The use of Machine Intelligence would allow the AI to review and apply every case in Texas which has ever been decided on a particular issue in addition to treatises from experts. These sophisticated programs apply logic that approximates and exceeds human intelligence eliminating bias and error.
As an added protection to defendants, I would recommend that the use of these AI systems be voluntary but enforceable if written into contracts with the same force of arbitration provisions. Appellate rights could also be preserved should either party wish to take the matter before a human tribunal at a higher level.
I would similarly afford these AI protections to criminal defendants, but again on a voluntary basis and subject to appellate review.
The use of sophisticated AI would eliminate all bias and corruption within our judicial process. We must embrace existing technology and apply it to a flawed system.

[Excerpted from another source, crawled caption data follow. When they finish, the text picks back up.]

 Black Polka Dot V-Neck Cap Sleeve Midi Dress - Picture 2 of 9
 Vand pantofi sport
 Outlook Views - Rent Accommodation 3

Charles’ proposed solution to the inequities and corruption in the judicial is system is surprising: Artificial Intelligence (“AI”). Although I have owned a computer for nearly 40 years (starting with the Commodore 64), I admit that I don’t understand much about programming and AI. I do, however, watch the series “Picard” and recognize that AI (“Synthetics”) can go haywire even in the 24th century. More to the point, I know that in this century AI is dependent upon the knowledge, skills, and explicit and implicit biases of the programmers. Judge Herbert B. Dixon, Jr., observed in the American Bar Association’s Judges’ Journal: “The strengths and weaknesses of AI are that the software does exactly what it is programmed to do; a human must program the AI system at the outset and review the results produced by the AI system.”

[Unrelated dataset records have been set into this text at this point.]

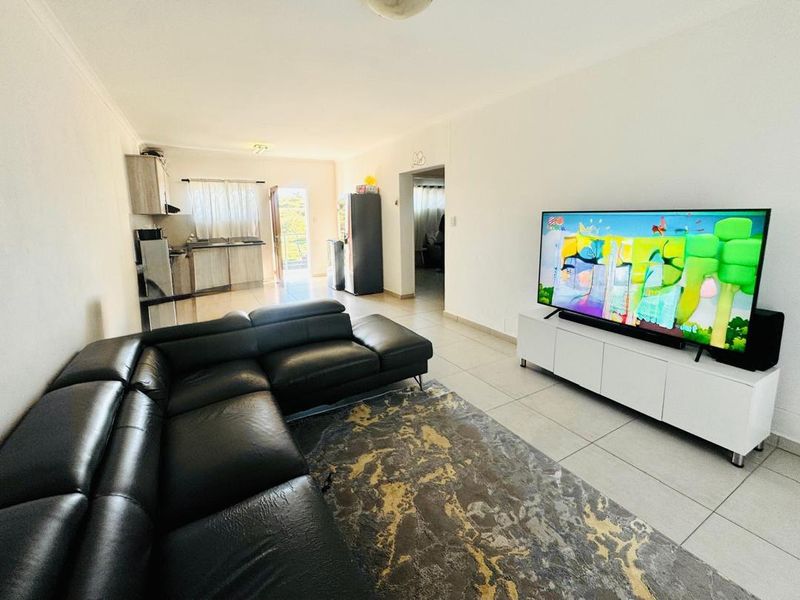 2 Bedroom Townhouse For Sale in Rocky Crest - Photo 4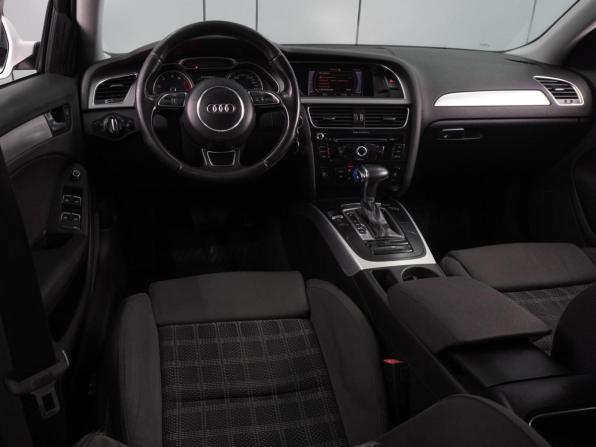 Audi A4 IV (B8) Рестайлинг с пробегом 2012 года, цена 1 199 000 рублей, 304748 км, седан, Автокод Объявления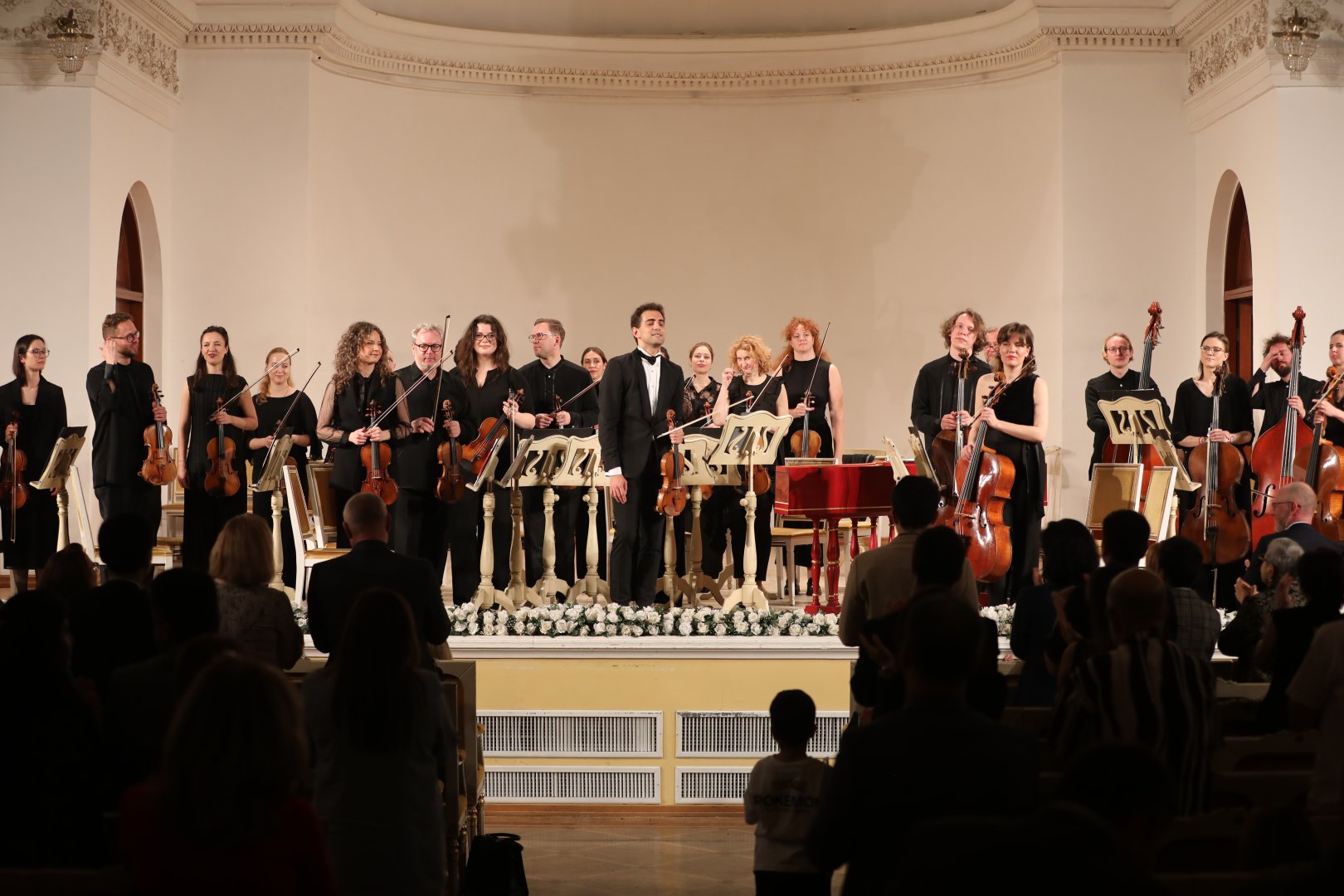 В Баку наступило сразу восемь времен года – любовь и страсть  (ФОТО)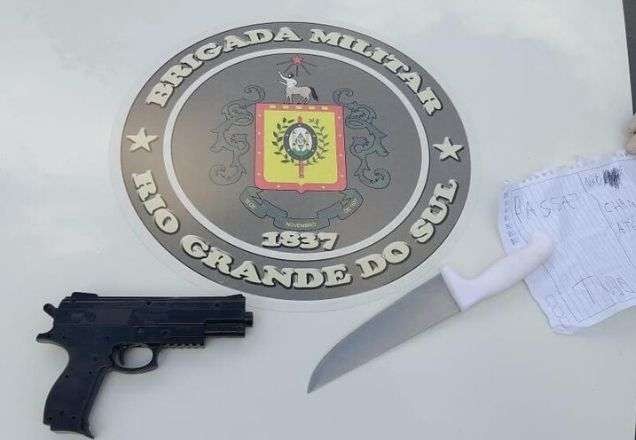 Imagem da noticia Ladrão cadeirante e mudo realiza assalto com arma de brinquedo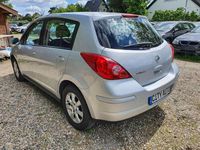 Gebraucht Nissan Tiida Acenta 126 PS (92 kW) 2008 Brilliant silver Kleinwagen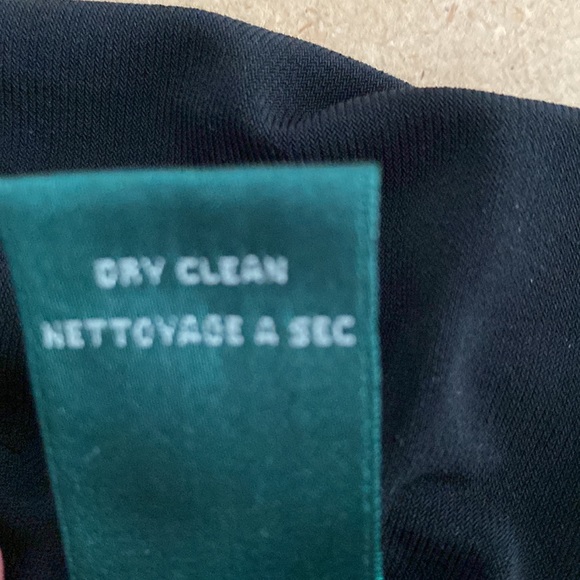 Lauren Ralph Lauren Dress. Size 2. Silver/Black sparkly material - Picture 10 of 14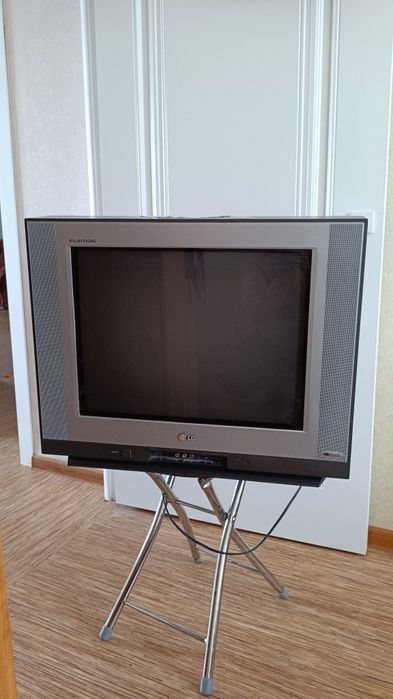 Продам телевизор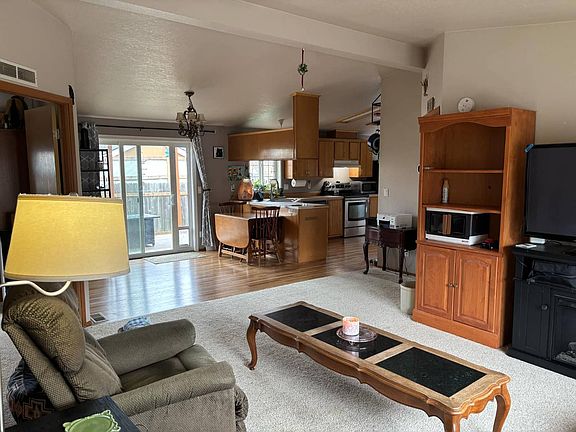 4th image of 17180 SW Smith Ave Unit 96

Nevertheless, I believe Charles’ approach is ingenious. I would certainly endorse the use of AI as a tool to assist members of the judiciary, but not to take the place of judges. As Justice Oliver Wendell Holmes noted: “The life of the law has not been logic: it has been experience. The felt necessities of the time, the prevalent moral and political theories, intuitions of public policy, avowed or unconscious, even the prejudices which judges share with their fellow-men, have had a good deal more to do than the syllogism in determining the rules by which men should be governed.” In other words, judicial decision-making involves more than the simple application of black-letter legal principles; it requires judges to assess credibility and balance the interests and concerns of the parties and society.

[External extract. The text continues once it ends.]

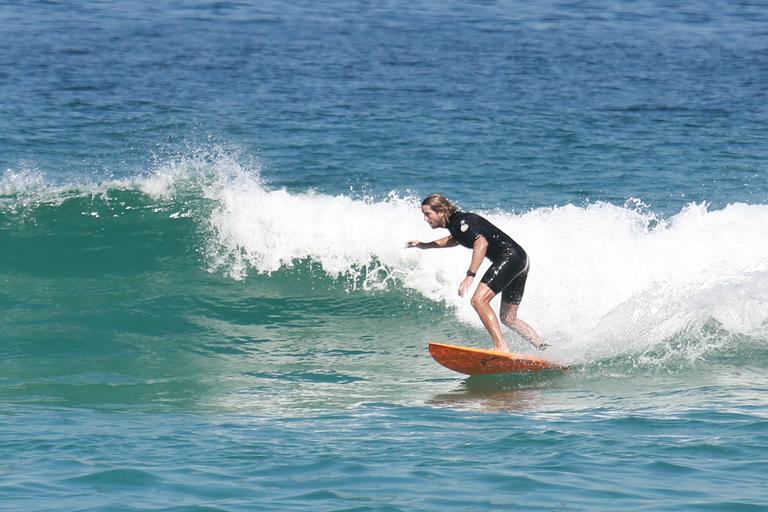 Vladimir Brichta mostra habilidade no surfe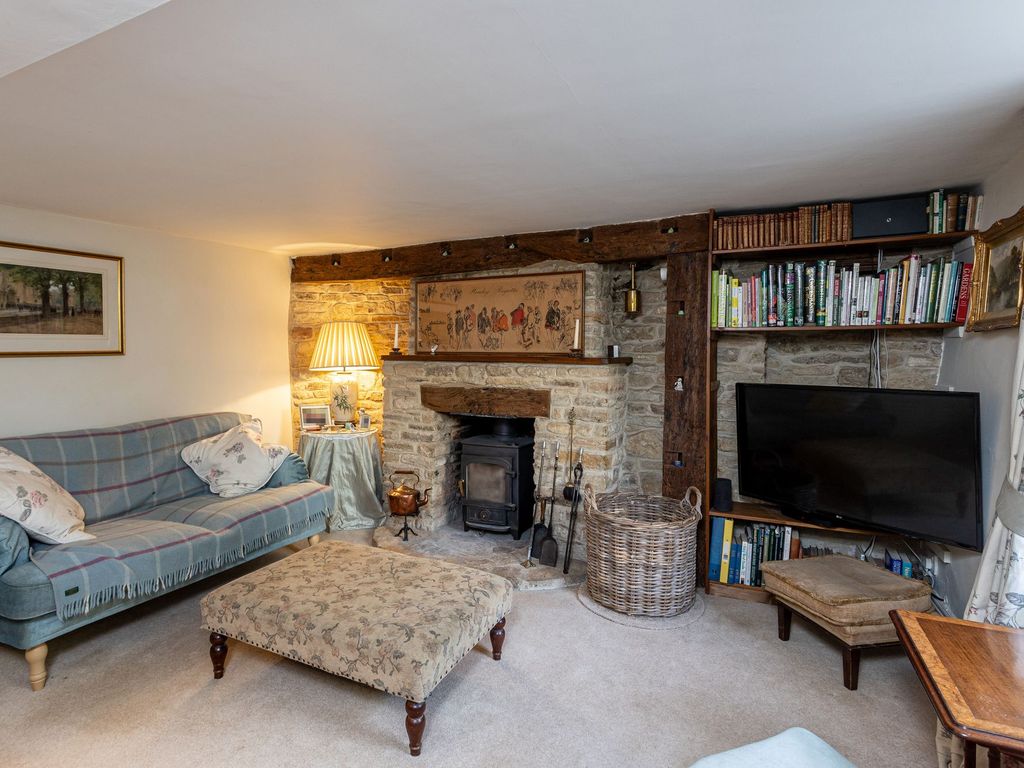 2 bed cottage for sale in Stone Walls, High Street, Finstock OX7, £525,000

Furthermore, Charles’ approach implicates very few cases. Between 90% to 95% of federal civil cases are settled by the parties—less than 1% actually go to trial; 90% of federal criminal defendants plead guilty—only 2% go to trial. In 2020, Texas courts tried by judge about 8% of major civil cases; juries adjudicated only 0.4%. Similarly, most serious criminal cases in Texas are resolved by guilty pleas, and only 5% are ever tried—1% by jury and 4% by judge alone. With respect to the specific AI-application Charles proposes, AI will play an insignificant role in addressing the racial and economic inequities present in the American judicial system. For example, it will certainly not reduce race-based sentencing disparities.
Finally, I believe that the ever-expanding use of AI may erode trust in the judiciary and the judicial system. People will no longer view the law as handed down by society, but as the result of mystifying equations and algorithms created by nameless programmers.